CMPT 469 Presentation @Hongyi Zhang

October 15, 2015

Noises could be generated.

```
imnoise(I, 'gaussian'); % generated by Matlab
```

It's not uncommon to discover noises in natural images.

SFU Diamond Alumni Center | Cute Jellyfish and their Excreta |

Recall Image Formation: images noises and ISO

We have learned in class that higher ISO will result in more noises.

- Propose a new measurement,
*Method Noise*, to compare different denoising methods - Propose a new denoising algorithm,
*Non-Local Mean*, based on non-local averaging

Method noise is defined as the image difference. Let u be an image and Dh a denoising operator depending on a filtering parameter h.

```
Method Noise = u(original image) - Dh*u(processed image)
```

A good denoising method should have method noise containing as little structures as possible.

Intuition: reduce noise by averaging nearby pixels and weights are decided by distance.

By design, Gaussian filter is optimal in flat part, but edges are not preserved.

Any better idea to preserve edges?

- Assumption: edges must have different intensities.
- Instead of taking average of all nearby pixels, we only consider nearby pixels with similar greyscale intensities.
- Does this idea sound familiar?...We already learned one of the neighborhood filtering.
*The Bilateral filter!*

It can be implemented with two Gaussian kernels

- First Gaussian for weights of distance.
- Second Gaussian for weights of pixel values.

Reference: CMPT 469 course material post processing slides

Image from Bilateral Filtering for Gray and Color Images

So far, neighborhood filter looks like a promising way to solve the problem. However, is it really convincing to only compare grayscale intensities?

Relying on grayscale intensities in not robust if these values are noisy...

- AF does not perform same filtering in every direction.
- first proposed by Perona and Malik(1990), now widely used to in 3D computer graphics to enhance textures

- Edge detection by image gradient: diffuse one pixel only along the direction orthogonal to the direction of its gradient.
- Use 1D Gaussian as kernel
- Also space variant!

We could imagine that the result would be opposite to the isotropic Gaussian filtering. AF performs well on edges, while causing troubles to flat areas.

- Introduced by Rudin, Osher and Fatemi.
- Variance: the difference of values between adjacent pixels
- Assumption: original image should be smooth, thus the total variance should be minimized.

u: result image

v: noisy image

lambda: scalar, adjusting the degree of smoothness

Recall seamless cloning. They are both minimization problems and the process of calculation is similar.

Edges are maintained, but adjusting lambda could be a problem.
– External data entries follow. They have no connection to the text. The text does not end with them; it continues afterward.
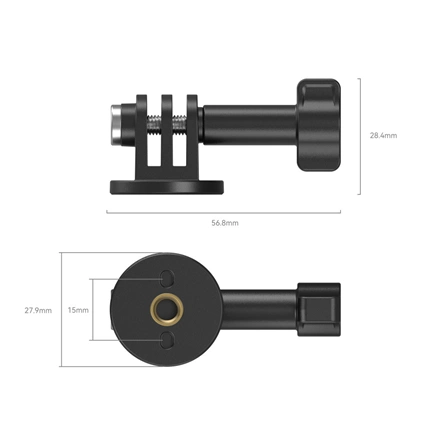 SMALLRIG Action Camera Mount 4277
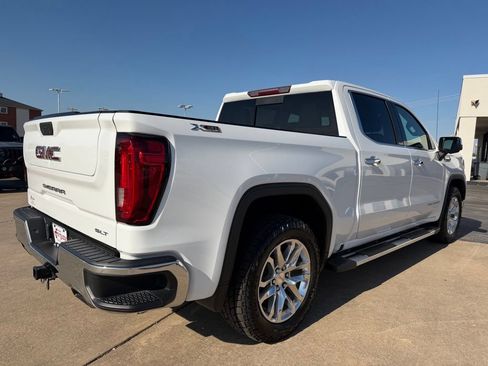 Used 2020 GMC Sierra 1500 SLT AWD/4WD image 3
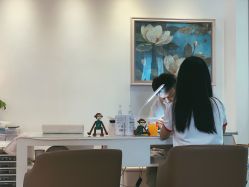 -月野兔日式美睫美甲
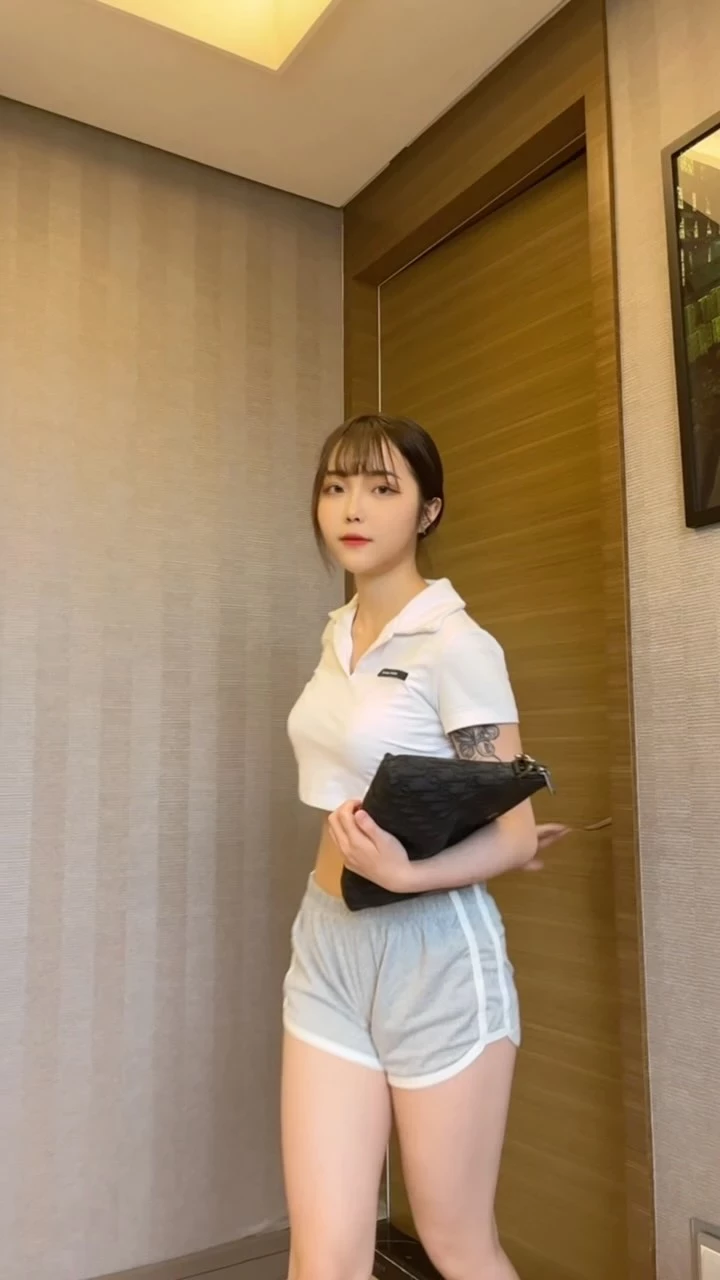  「萧萧」仙女下凡来着 美到怀疑人生 (20P) 第6张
If lambda is too small here, flat areas could over-smoothed.

Are classic methods good enough?

- Probably no...
- They are more or less smoothing methods, trying to separate the noises rather than correct them.
- Only neighbors are considered.

- Basic idea: for one single pixel i, the new estimated value is a weighted average of all pixels in the image.
- If the pixel is more similar to pixel i, it has a higher weight. The total weight is 1.
- Q: How do we define similarities?

The answer is the neighbors!

For two neighbors, the similarity between them is defined as the Euclidean distance convoled with a Gaussian kernel. The final weights need to be normalized.

Those pixels has entirely different neighbor structures tend to have zero weight.

Almost the same as texture synthesis! They share the same way to pick candidate pixels(calculate neighbor distances).

- Some minor differences
- Texture synthesis wants to generate a new image, while the goal of NL-mean denoising is to correct itself.
- Texture synthesis is in favor of randomness so it picks a random cadidate. NL-mean acts the opposite. It takes the average to eliminrate randomness.

But again, the idea behind them is exactly the same.

1. Original image 2. Gaussian Filtering 3. Anisotropic filtering

4. Total variation minimization 5. Neighborhood filtering 6. NL-means algorithm

1. Original image 2. Gaussian Filtering 3. Anisotropic filtering

4. Total variation minimization 5. Neighborhood filtering 6. NL-means algorithm

By nature, NL-mean method serves better on texture-like images. But we can see that it still generates satisfying results of natural images due to natural redundancies.

The disadvantage of this method is its high computational complexity. In practice, the search of similar pixels is restricted to a relatively large window size. 21*21 window size is applied in the above examples.